This package implements MatrixFactorizer class that can be used for matrix factorization using stochastic gradient descent (see Koren et al, 2009). It aims at providing simple interface and enabling user to fit the model in online fashion.
The data is assumed to come in the long format as below:
user_id movie_id rating
1471 231 1
1233 27 5
1471 4566 2
... ... ...
what is equivalent to storing the ratings in the user_id * movie_id matrix.
The MatrixFactorizer class uses interface similar to the classes in the sklearn package. The typical workflow includes pre-processing, cleaning, etc. and then spliting the data into arrays X for indexes and y for the values, after that, the MatrixFactorizer model an be fitted.

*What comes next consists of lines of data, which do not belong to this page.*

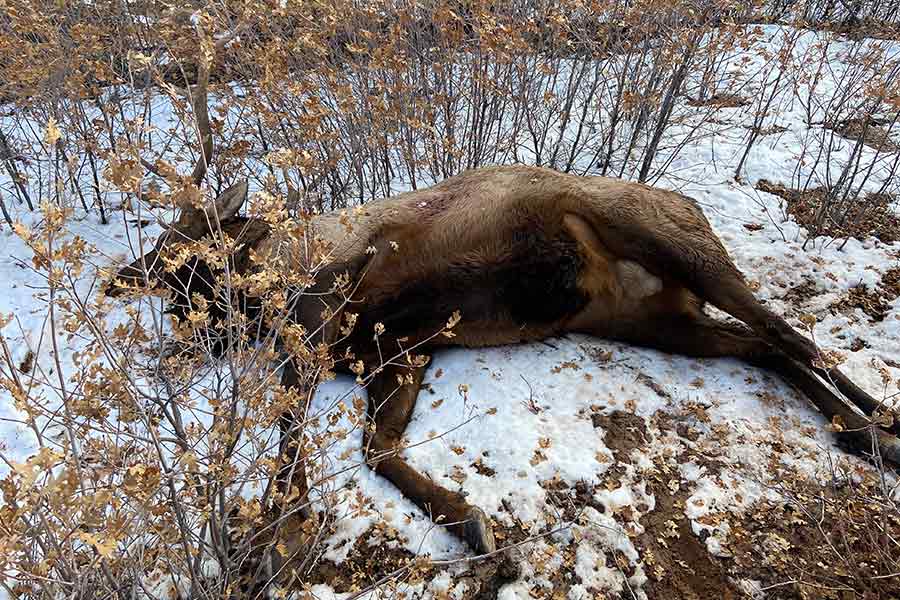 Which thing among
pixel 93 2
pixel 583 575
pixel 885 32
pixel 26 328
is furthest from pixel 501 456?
pixel 885 32

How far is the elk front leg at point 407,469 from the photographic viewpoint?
105 inches

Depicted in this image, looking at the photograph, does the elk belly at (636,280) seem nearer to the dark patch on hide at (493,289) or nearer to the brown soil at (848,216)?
the dark patch on hide at (493,289)

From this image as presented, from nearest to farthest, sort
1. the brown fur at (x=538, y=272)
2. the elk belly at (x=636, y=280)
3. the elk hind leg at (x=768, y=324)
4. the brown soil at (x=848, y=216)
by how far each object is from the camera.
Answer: the elk hind leg at (x=768, y=324), the brown fur at (x=538, y=272), the elk belly at (x=636, y=280), the brown soil at (x=848, y=216)

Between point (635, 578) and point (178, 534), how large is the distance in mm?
1979

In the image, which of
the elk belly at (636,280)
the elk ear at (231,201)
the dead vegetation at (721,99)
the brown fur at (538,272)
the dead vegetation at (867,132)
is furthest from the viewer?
the dead vegetation at (721,99)

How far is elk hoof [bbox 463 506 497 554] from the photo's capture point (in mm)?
2633

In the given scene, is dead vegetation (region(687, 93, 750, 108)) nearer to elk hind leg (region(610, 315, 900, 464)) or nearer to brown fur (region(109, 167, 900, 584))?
brown fur (region(109, 167, 900, 584))

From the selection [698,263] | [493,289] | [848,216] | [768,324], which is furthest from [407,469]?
[848,216]

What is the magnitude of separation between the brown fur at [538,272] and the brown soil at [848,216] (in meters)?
1.79

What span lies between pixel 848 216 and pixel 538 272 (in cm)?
326

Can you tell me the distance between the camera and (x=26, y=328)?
427cm

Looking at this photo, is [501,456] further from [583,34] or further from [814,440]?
[583,34]

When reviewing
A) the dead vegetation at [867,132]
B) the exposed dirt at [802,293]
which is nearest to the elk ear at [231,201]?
the exposed dirt at [802,293]

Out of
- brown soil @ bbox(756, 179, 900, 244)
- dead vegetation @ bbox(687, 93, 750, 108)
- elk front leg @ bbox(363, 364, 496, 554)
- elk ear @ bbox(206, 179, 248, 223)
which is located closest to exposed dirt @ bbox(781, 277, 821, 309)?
brown soil @ bbox(756, 179, 900, 244) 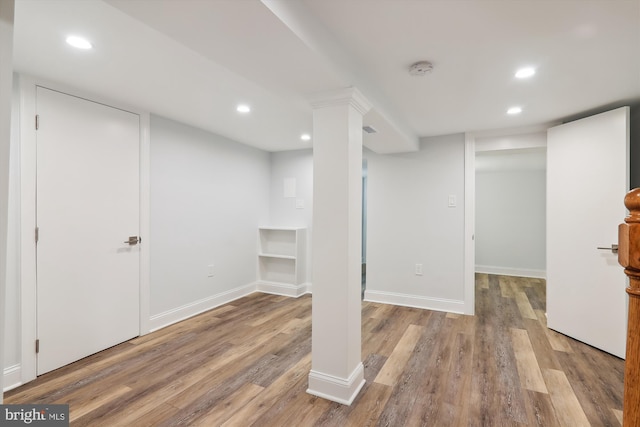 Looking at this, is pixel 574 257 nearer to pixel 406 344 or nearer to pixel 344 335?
pixel 406 344

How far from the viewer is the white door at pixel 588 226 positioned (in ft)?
8.87

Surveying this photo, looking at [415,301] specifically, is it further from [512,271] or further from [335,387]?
[512,271]

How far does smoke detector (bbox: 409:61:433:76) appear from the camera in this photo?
79.7 inches

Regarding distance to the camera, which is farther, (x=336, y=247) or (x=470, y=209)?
(x=470, y=209)

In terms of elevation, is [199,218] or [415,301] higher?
[199,218]

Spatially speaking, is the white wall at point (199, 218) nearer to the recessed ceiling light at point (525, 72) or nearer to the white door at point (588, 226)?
the recessed ceiling light at point (525, 72)

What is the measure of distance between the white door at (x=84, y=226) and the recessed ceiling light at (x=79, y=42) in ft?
2.70

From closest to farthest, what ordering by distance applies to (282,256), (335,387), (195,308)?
(335,387)
(195,308)
(282,256)

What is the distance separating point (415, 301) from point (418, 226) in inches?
38.9

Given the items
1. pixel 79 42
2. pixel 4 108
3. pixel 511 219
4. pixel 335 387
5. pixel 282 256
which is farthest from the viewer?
pixel 511 219

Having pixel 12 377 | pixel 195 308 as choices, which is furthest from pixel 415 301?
pixel 12 377

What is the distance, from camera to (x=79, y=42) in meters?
1.78

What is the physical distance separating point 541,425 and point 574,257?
1.91 m

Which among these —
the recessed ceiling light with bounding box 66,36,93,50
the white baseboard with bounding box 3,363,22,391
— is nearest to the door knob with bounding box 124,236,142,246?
the white baseboard with bounding box 3,363,22,391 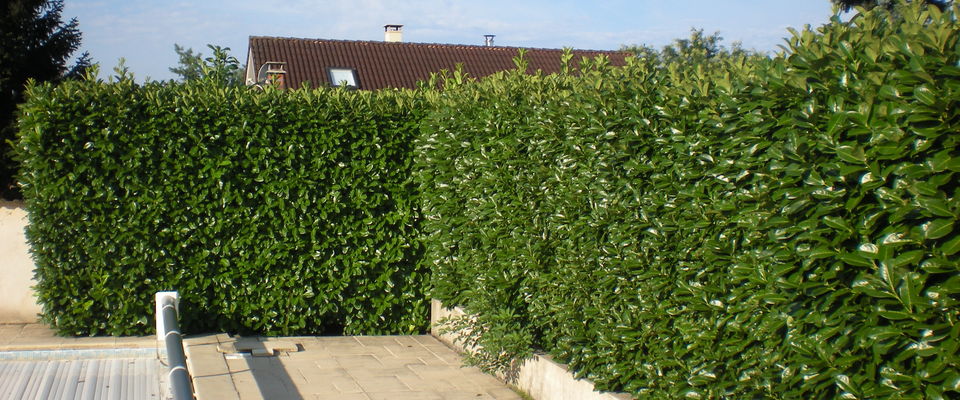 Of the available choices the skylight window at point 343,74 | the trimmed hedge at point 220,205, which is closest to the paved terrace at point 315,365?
the trimmed hedge at point 220,205

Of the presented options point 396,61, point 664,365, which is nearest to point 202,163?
point 664,365

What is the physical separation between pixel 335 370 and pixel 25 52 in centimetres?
1093

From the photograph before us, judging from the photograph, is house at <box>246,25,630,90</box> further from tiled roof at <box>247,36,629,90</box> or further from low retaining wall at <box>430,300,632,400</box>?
low retaining wall at <box>430,300,632,400</box>

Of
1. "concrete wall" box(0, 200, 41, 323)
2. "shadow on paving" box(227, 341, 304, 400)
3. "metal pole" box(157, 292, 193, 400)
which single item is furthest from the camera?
"concrete wall" box(0, 200, 41, 323)

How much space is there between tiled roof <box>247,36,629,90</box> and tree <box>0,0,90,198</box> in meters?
16.1

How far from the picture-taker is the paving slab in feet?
21.0

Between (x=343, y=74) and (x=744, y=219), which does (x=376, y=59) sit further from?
(x=744, y=219)

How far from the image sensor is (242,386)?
6371 mm

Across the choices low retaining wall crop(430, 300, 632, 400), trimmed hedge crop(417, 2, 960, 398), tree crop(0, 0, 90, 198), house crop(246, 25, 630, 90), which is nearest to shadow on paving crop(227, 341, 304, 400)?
trimmed hedge crop(417, 2, 960, 398)

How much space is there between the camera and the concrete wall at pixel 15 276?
916 cm

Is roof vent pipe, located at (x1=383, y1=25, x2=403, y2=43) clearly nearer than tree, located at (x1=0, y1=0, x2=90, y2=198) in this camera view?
No

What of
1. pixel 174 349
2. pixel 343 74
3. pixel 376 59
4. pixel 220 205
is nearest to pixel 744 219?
pixel 174 349

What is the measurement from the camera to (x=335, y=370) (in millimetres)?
7176

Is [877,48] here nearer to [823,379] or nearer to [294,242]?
[823,379] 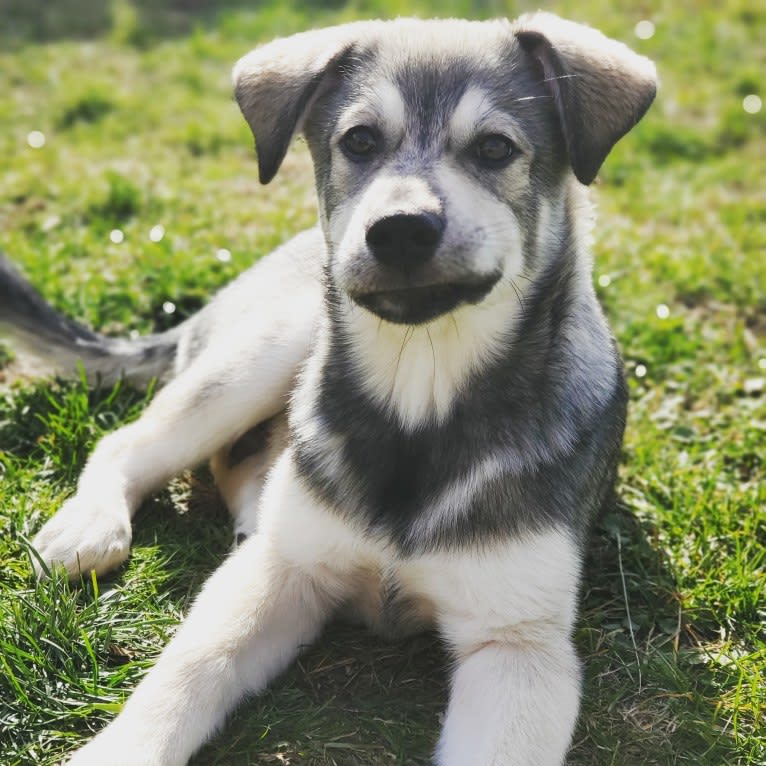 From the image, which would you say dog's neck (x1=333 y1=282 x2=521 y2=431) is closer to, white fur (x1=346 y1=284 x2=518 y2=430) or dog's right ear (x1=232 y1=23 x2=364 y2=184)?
white fur (x1=346 y1=284 x2=518 y2=430)

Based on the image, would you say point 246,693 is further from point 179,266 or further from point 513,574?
point 179,266

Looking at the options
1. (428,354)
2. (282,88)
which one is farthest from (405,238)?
(282,88)

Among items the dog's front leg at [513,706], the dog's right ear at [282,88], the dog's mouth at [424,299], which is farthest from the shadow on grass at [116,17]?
the dog's front leg at [513,706]

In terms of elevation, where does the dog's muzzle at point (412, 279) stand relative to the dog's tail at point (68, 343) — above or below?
above

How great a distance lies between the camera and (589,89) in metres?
3.41

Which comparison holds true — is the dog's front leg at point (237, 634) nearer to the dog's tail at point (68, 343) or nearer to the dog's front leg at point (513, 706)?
the dog's front leg at point (513, 706)

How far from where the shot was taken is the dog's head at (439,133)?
311 centimetres

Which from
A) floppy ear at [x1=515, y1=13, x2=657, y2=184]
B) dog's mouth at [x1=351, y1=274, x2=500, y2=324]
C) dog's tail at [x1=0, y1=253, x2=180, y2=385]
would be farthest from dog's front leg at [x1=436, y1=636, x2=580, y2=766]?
dog's tail at [x1=0, y1=253, x2=180, y2=385]

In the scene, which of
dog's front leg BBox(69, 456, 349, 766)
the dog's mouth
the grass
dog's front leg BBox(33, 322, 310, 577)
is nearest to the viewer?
dog's front leg BBox(69, 456, 349, 766)

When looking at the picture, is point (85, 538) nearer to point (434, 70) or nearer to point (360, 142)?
point (360, 142)

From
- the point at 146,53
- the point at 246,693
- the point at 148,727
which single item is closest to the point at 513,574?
the point at 246,693

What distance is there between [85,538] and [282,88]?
1.75 meters

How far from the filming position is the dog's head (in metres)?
3.11

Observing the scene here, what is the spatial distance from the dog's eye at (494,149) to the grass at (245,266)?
5.53 feet
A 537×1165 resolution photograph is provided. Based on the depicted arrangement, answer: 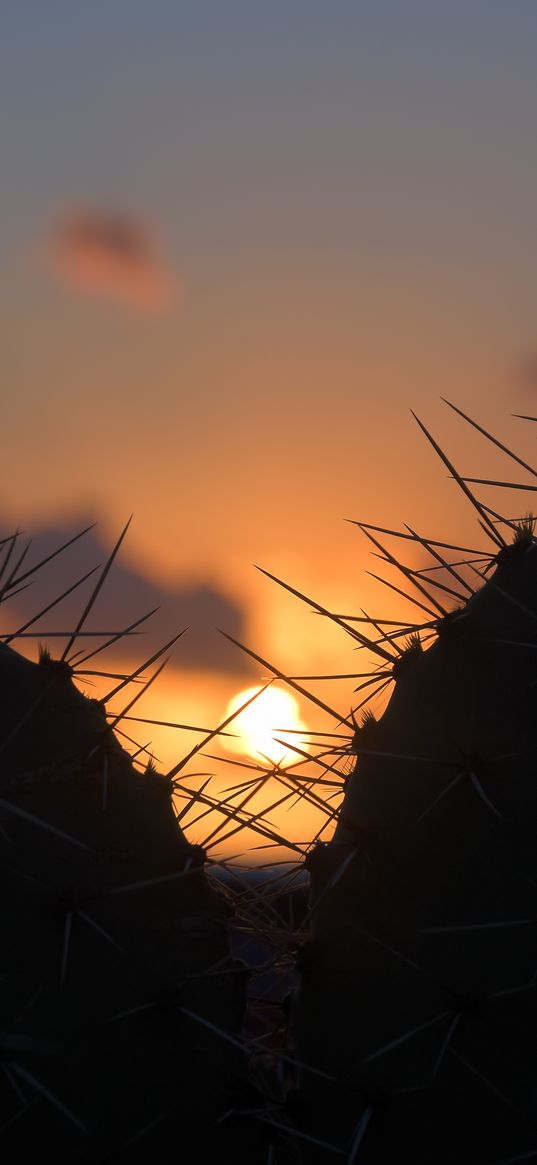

from sgdmf import MatrixFactorizer
X = data[['user_id', 'movie_id']]
y = data['rating']
mf = MatrixFactorizer()
mf.partial_fit(X, y)
Since MatrixFactorizer is fitted using stochastic gradient descent, it is possible to train model using online learning in batches (or case by case), using the partial_fit() function. MatrixFactorizer is able to adapt to changes in the data (new indexes) by initializing the parameters for yet unseen indexes on-the-fly (when using dynamic_indexes=True).
Koren, Y., Bell, R., & Volinsky, C. (2009). Matrix factorization techniques for recommender systems. Computer, 42(8).